The Paul & Helen Schnare Library was thrilled when we learned we were the recipients of the “Bridging Cultures: Muslim Journeys” grant. This grant was offered by the National Endowment for the Humanities in conjunction with the American Library Association, the Ali Vural Ak Center for Islamic Studies, Oxford University Press, Twin Cities Public Television, the Carnegie Corporation of New York, and the Doris Duke Foundation for Islamic Art.
The Muslim Journeys grant provided us with a collection of 25 books, 3 documentaries, and a DVD of short films to add to our collection. The books follow five different themes:
- American Stories
- Connected Histories
- Literary Reflections
- Pathways of Faith
- Points of View
We’ll be highlighting each of those themes here on our blog, and the books that make up each theme can be found on the Muslim Journeys display located by the Reference Desk.
The Muslim Journeys theme of Connected Histories was developed by Giancarlo Casale of the University of Minnesota. As it states on the Muslim Journeys website:
[T]his theme of “connected histories” [is] a new way of understanding the past in which Islam and the West, far from being locked in an endless “clash of civilizations,” are seen instead as products of this cosmopolitan and inextricably intertwined history. By highlighting the intellectual inheritance shared by Islam and the West, their mutual bonds of monotheism, and the surprising intensity of their cultural and commercial interaction, as well as the individual experiences of the many merchants, missionaries, and other adventurers who journeyed “to the other shore,” these books all chart a path to a new vision of the world of our ancestors, a world that was as remarkably complex and dynamically interconnected as the one we live in today.

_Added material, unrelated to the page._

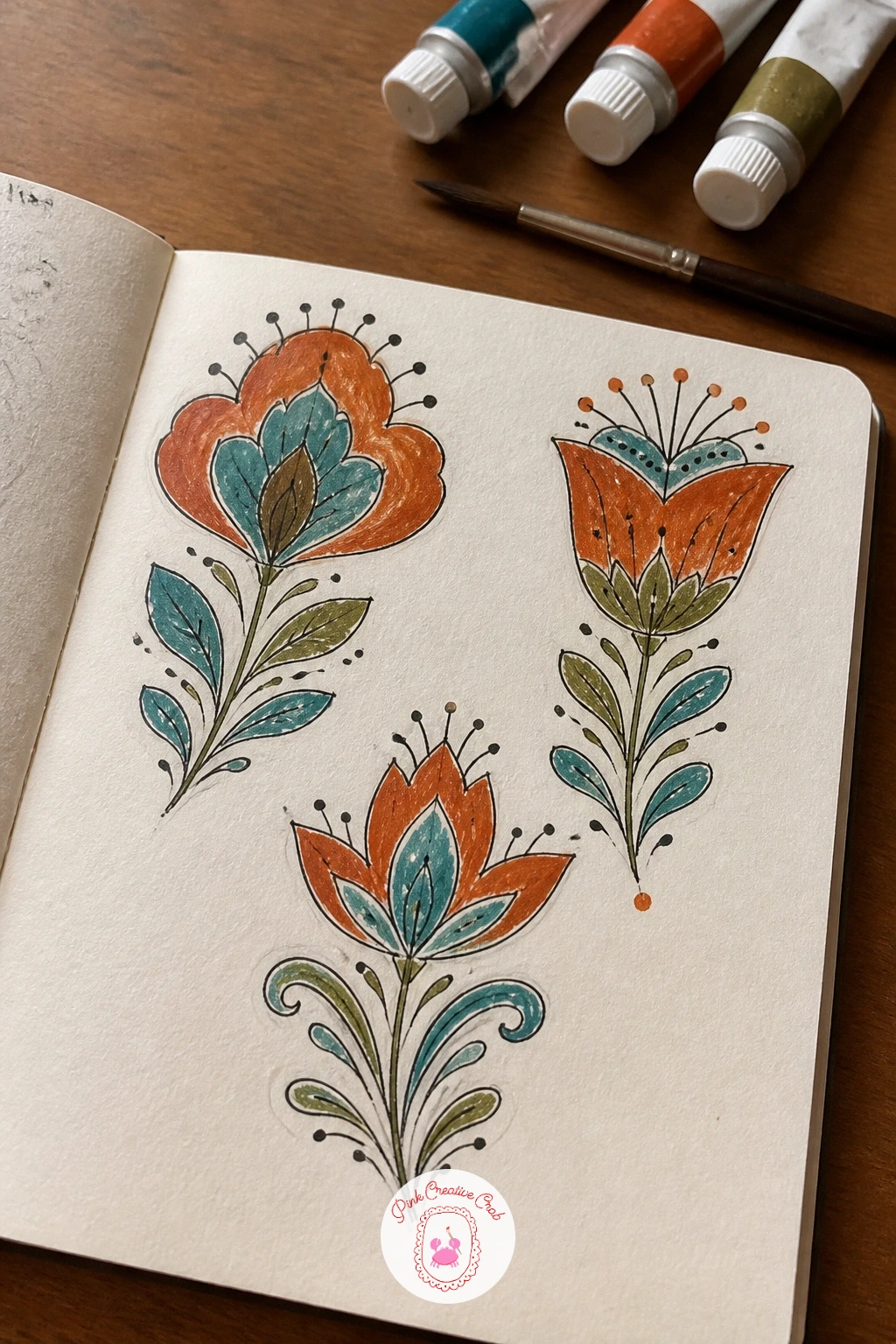 Folk Flower Motifs From an Old Scarf — Dig out an old floral scarf, the kind with a folk art feel, and use it as the whole source for this page rather than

Casale wrote an essay about this Connected Histories theme and you’ll definitely want to check it out. You can find the essay here. It gives an overview of the theme along with a brief summary of each of the five titles that correspond to it in the collection:
- When Asia Was the World: Traveling Merchants, Scholars, Warriors, and Monks Who Created the “Riches of the East” by Stewart Gordon
- The House of Wisdom: How Arabic Science Saved Ancient Knowledge and Gave Us the Renaissance by Jim Al-Khalili
- The Ornament of the World: How Muslims, Jews, and Christians Created a Culture of Tolerance in Medieval Spain by Maria Rosa Menocal
- Leo Africanus by Amin Maalouf, translated by Peter Sluglett
- In an Antique Land: History in the Guise of a Traveler’s Tale by Amitav Ghosh
Make sure you take advantage of this great opportunity – and check out one of our highlight “Connected Histories” titles!